Hawaiian Dick #1, December 2002, Image Comics
writer: B. Clay Moore
artist: Steven Griffin
Blogger's note: Entry for Tuesday, January 22, 2008.
I've never been to Hawaii, but I've seen it on television. It's hard to believe that there was a time at which Hawaii wasn't a tourist trap, that, at one poignant point in American history, it was a pre-state status, post-war island of mythical dispute. Interestingly, the real outsider-oriented interest was most likely more vivid during that transitional time, before becoming a part of the United States entailed a gift shop-driven overhaul of the inherent culture. Again, I've never been to Hawaii, but I've seen it in movies and on Dog, the Bounty Hunter, so I could be commenting out of sheer ignorance here.
Fortunately, Moore and Griffin's Hawaiian Dick sheds some light on this bygone era, thankfully through the entertaining lens of pulp detective fiction. In this first issue, Byrd, a private detective, is hired to find a stolen car belonging to dope dealer Bishop Masaki and that contains a mysterious package in its trunk. In a very compelling first page teaser (the equivalent to a TV show's pre-opening credits "mini-act"), one of Masaki's pawns, who intends to betray his boss and ransom the package, gets ironically carjacked, but Byrd, with the help of his towering cop sidekick Mo, beats the street and finds the ride relatively quickly. After a shoot out with the carjackers, the "package" is exposed as a special lady to Masaki, unfortunately caught in Byrd's crossfire. Then, a large, seemingly angry band of drum-beating island savages surrounds them. To be continued, indeed.

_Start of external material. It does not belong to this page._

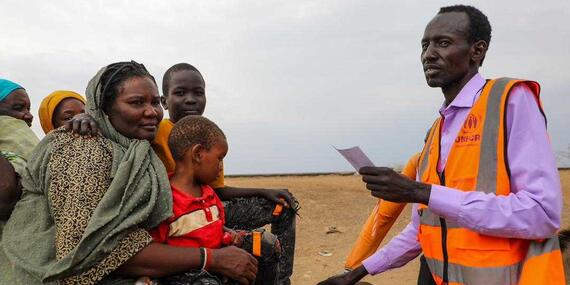 A UNHCR staff member with women and children, arriving in Renk, South Sudan.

Moore and Griffin obviously go to great lengths to instill character, setting, and mood in this inaugural issue, even offering a dense but colorful two-page guide to "Byrd's Hawaii," including a glossary of native terms and a character concept page. This behind-the-scenes glimpse, usually reserved for trade collections, is a great supplemental piece that not only enhances the story but entrenches the reader, creating a similar investment to that of the creators themselves. Rest assured, if someone calls you a haole, it isn't necessarily a put-down.
Griffin's artwork deserves special commentary, as well, since he is presumably responsible for the inks and colors, as well. The bright, blocky cover is impressive enough (and the ad for #2 is even better), but his internal pages, rife with sweeping ink strokes and watercolor-like hues, captures the symmetry of pulp detective and island environs perfectly. Most of the gumshoes I've read are elbow-deep in the city, all trenchcoat-wearing and rain weary, but Byrd and his assuredly nice tan offer a nice, fresh approach to the paradigm. Most days, I'd trade a trenchcoat for a colorful Hawaiian shirt, too.
Of course, the last page appearance of those island savages instills the title with an instant sense of the supernatural, a subtext sure to be thoroughly explored in this miniseries' following two issues. I think I'll make an effort to find them. Though I'm glad the identity of "the package" didn't go the way of DeNiro's Ronin, this Hawaii seems to boast a completely different kind of unknown . . . as it, for a haole like me, still does.